# Data excerpts
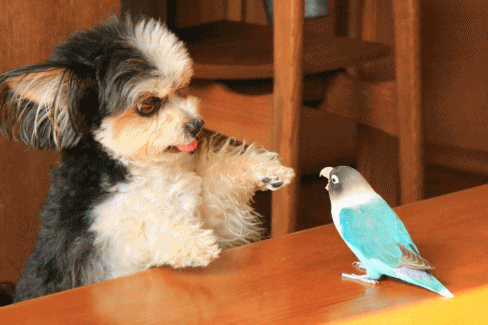 c0145250_10253320.gif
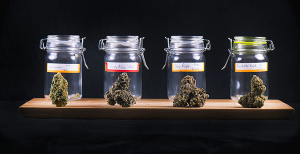 ROXXYPHOTOS - STOCK.ADOBE.COM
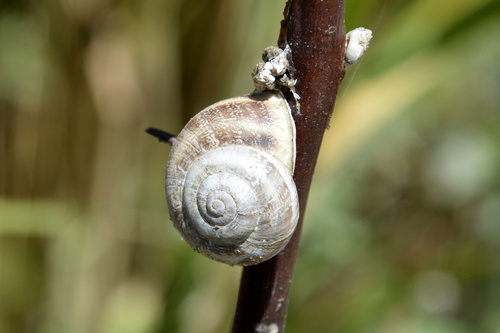 Chocolate-band Snail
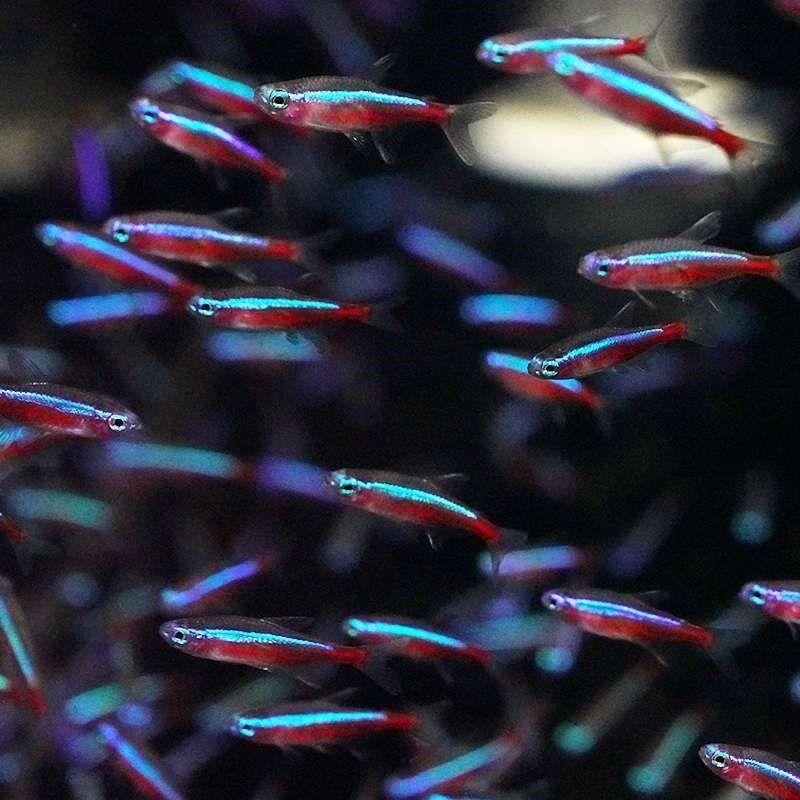 新款宝莲灯鱼小型灯鱼红绿灯科鱼缸水草缸群游新手淡水鱼热带观赏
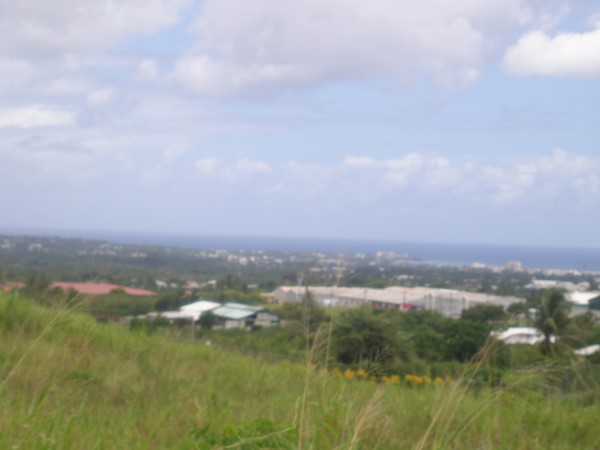P7252407
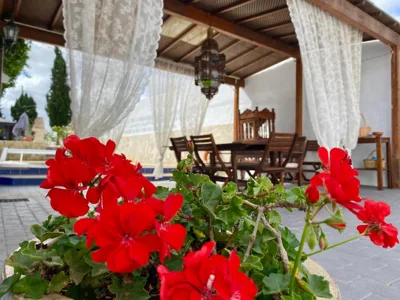 Authentic Canary Style Villa with private pool and garden- Casa Juan Vera — foto 8
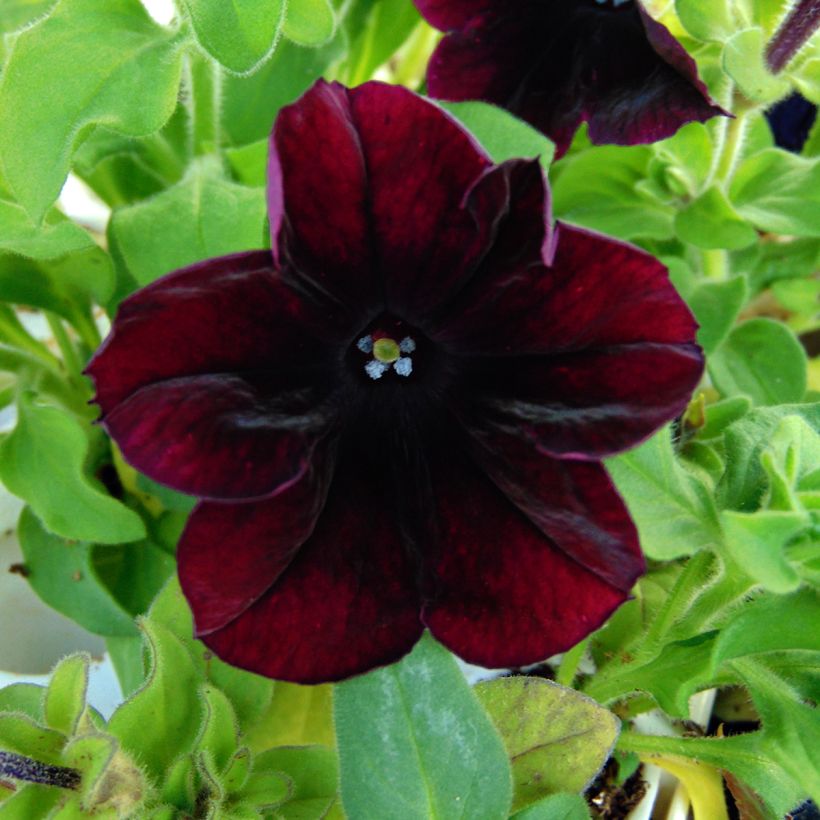 Petunia Sophistica Blackberry (Flowering)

# What you will do
Output the line containing "Authentic Canary Style" along with every line after it to the end of the material, exactly as written, but without pictures.

# The answer
 Authentic Canary Style Villa with private pool and garden- Casa Juan Vera — foto 8
 Petunia Sophistica Blackberry (Flowering)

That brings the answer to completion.